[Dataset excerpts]
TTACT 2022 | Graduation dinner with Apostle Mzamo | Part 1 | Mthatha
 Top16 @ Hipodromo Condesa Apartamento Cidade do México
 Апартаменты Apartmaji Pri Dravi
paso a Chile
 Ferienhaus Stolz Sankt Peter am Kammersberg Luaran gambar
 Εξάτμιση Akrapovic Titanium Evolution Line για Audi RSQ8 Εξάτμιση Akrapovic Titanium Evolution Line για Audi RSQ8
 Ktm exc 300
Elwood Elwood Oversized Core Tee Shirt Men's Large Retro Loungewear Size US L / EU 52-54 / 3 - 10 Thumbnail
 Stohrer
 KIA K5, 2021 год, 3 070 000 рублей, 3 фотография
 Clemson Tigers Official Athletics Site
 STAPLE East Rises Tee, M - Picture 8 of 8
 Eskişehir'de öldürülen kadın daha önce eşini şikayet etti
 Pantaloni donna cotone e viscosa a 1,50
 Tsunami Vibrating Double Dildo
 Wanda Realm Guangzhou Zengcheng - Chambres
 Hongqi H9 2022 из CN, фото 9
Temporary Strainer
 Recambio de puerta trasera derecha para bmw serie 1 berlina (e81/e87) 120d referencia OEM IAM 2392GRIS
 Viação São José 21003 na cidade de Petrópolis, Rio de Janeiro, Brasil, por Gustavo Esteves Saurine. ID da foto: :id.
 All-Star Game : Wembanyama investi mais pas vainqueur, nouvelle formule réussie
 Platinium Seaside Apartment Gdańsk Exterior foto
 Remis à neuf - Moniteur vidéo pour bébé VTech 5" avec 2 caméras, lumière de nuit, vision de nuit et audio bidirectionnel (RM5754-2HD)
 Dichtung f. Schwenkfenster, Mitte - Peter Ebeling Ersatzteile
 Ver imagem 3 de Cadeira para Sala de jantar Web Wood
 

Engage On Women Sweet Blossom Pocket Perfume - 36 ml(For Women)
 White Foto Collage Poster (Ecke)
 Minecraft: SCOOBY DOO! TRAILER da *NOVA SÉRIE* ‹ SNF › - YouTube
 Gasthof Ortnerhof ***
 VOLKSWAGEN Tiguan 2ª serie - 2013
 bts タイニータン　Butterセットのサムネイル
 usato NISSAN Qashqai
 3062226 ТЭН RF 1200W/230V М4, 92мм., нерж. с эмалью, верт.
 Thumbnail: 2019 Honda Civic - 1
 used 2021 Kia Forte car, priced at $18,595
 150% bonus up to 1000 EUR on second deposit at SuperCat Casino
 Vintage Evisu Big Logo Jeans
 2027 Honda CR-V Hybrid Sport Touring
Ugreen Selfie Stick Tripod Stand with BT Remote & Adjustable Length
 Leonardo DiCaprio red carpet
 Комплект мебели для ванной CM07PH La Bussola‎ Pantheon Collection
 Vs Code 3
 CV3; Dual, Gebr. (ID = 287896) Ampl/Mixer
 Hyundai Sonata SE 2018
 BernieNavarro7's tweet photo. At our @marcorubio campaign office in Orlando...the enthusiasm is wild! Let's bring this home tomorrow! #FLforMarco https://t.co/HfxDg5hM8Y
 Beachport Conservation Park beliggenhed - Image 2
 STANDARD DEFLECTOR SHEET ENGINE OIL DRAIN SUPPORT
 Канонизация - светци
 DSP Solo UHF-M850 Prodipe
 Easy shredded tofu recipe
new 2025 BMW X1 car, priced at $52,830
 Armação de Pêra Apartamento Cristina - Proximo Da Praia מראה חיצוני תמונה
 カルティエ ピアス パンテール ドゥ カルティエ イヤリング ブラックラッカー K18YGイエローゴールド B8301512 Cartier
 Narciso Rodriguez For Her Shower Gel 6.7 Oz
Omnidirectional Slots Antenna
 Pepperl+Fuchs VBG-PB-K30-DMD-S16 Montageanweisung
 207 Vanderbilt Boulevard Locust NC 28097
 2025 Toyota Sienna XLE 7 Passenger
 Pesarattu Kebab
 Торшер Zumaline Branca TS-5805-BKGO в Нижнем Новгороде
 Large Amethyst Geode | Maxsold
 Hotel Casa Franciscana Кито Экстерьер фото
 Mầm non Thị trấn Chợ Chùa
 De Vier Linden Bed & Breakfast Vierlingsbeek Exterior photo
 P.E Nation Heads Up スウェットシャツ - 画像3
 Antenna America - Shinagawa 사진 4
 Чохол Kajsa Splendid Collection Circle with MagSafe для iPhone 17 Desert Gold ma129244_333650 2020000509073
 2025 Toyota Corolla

WORK INSTRUCTIONS
Restate, please, word for word the span of records running from the first line to the line bearing "Remis à neuf", both included, and nothing outside it.

RESPONSE TO THIS TASK
TTACT 2022 | Graduation dinner with Apostle Mzamo | Part 1 | Mthatha
 Top16 @ Hipodromo Condesa Apartamento Cidade do México
 Апартаменты Apartmaji Pri Dravi
paso a Chile
 Ferienhaus Stolz Sankt Peter am Kammersberg Luaran gambar
 Εξάτμιση Akrapovic Titanium Evolution Line για Audi RSQ8 Εξάτμιση Akrapovic Titanium Evolution Line για Audi RSQ8
 Ktm exc 300
Elwood Elwood Oversized Core Tee Shirt Men's Large Retro Loungewear Size US L / EU 52-54 / 3 - 10 Thumbnail
 Stohrer
 KIA K5, 2021 год, 3 070 000 рублей, 3 фотография
 Clemson Tigers Official Athletics Site
 STAPLE East Rises Tee, M - Picture 8 of 8
 Eskişehir'de öldürülen kadın daha önce eşini şikayet etti
 Pantaloni donna cotone e viscosa a 1,50
 Tsunami Vibrating Double Dildo
 Wanda Realm Guangzhou Zengcheng - Chambres
 Hongqi H9 2022 из CN, фото 9
Temporary Strainer
 Recambio de puerta trasera derecha para bmw serie 1 berlina (e81/e87) 120d referencia OEM IAM 2392GRIS
 Viação São José 21003 na cidade de Petrópolis, Rio de Janeiro, Brasil, por Gustavo Esteves Saurine. ID da foto: :id.
 All-Star Game : Wembanyama investi mais pas vainqueur, nouvelle formule réussie
 Platinium Seaside Apartment Gdańsk Exterior foto
 Remis à neuf - Moniteur vidéo pour bébé VTech 5" avec 2 caméras, lumière de nuit, vision de nuit et audio bidirectionnel (RM5754-2HD)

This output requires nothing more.